Субъектом аргументации является индивид, и его победа в дебатах становится доказательством истины его позиции. Таким образом, истина рождается в дискуссии, а победитель становится носителем истины. Значит ли это, что истинным может стать всё, если оно одержало победу в дебатах? Наиболее отчетливо осмысление этой позиции было представлено софистами. Характерно в этом отношении интеллектуальное творчество Протагора, слушателя Демокрита, получившего прозвище «Мудрость».

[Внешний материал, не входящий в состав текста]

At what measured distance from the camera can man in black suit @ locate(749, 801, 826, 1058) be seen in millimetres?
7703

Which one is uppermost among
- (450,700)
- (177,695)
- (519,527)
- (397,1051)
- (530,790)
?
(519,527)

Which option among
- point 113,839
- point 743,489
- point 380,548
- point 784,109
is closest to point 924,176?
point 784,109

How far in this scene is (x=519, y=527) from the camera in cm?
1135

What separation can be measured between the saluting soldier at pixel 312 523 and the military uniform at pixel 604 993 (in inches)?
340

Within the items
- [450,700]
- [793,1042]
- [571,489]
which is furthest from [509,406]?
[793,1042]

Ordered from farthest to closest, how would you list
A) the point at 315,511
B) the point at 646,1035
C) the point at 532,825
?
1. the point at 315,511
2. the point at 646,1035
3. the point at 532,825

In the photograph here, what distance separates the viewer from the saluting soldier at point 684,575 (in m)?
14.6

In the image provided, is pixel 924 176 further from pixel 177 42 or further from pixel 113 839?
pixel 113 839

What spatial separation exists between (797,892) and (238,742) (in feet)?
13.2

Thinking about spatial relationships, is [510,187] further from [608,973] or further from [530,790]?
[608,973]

Протагор заявил, что о всяком предмете можно сказать двояко, противоположным образом, поскольку человек есть мера всем вещам – существованию существующих и несуществованию несуществующих6. Всё на свете истинно, считает Протагор, в том числе и невозможность знания о богах, их существовании. За такое суждение Протагор был изгнан афинянами из города, а книги его сожгли на площади.
Протагор выделил в публичном выступлении четыре составляющих: пожелание, вопрос, ответ и приказ, назвав их основами речи. Он стал устраивать состязания в споре и придумал разные уловки для тяжущихся7.
Таким образом, общая цивилизационная ситуация определяется софистами как равнозначная: поистине не существует правых и виноватых; все равны, в силу чего всякое осуждение другого является отступлением от истины, утверждением в качестве истины субъективного мнения. Стало быть, любые попытки противостоять абсолютному смыслу самоутверждения индивида с его представлениями об истинных благах жизни, обречены на поражение.
Человек – носитель истины, поскольку он для себя есть константа, находящаяся внутри постоянно изменяющегося эмпирического мира. Эта специфика человека и определяет истинность его самоутверждения, которая подкрепляется искусно построенной аргументацией.
Проблема, с которой столкнулась софистика, заключалась, однако, в том, что и сам человек подвержен постоянным изменениям. Значит, и он не может стать носителем постоянной истины.
Диоген Лаэртский приводит стихотворное высказывание Эпихарма, выражающее сущность этой гносеологической проблемы:
Так всё время, так все время люди изменяются.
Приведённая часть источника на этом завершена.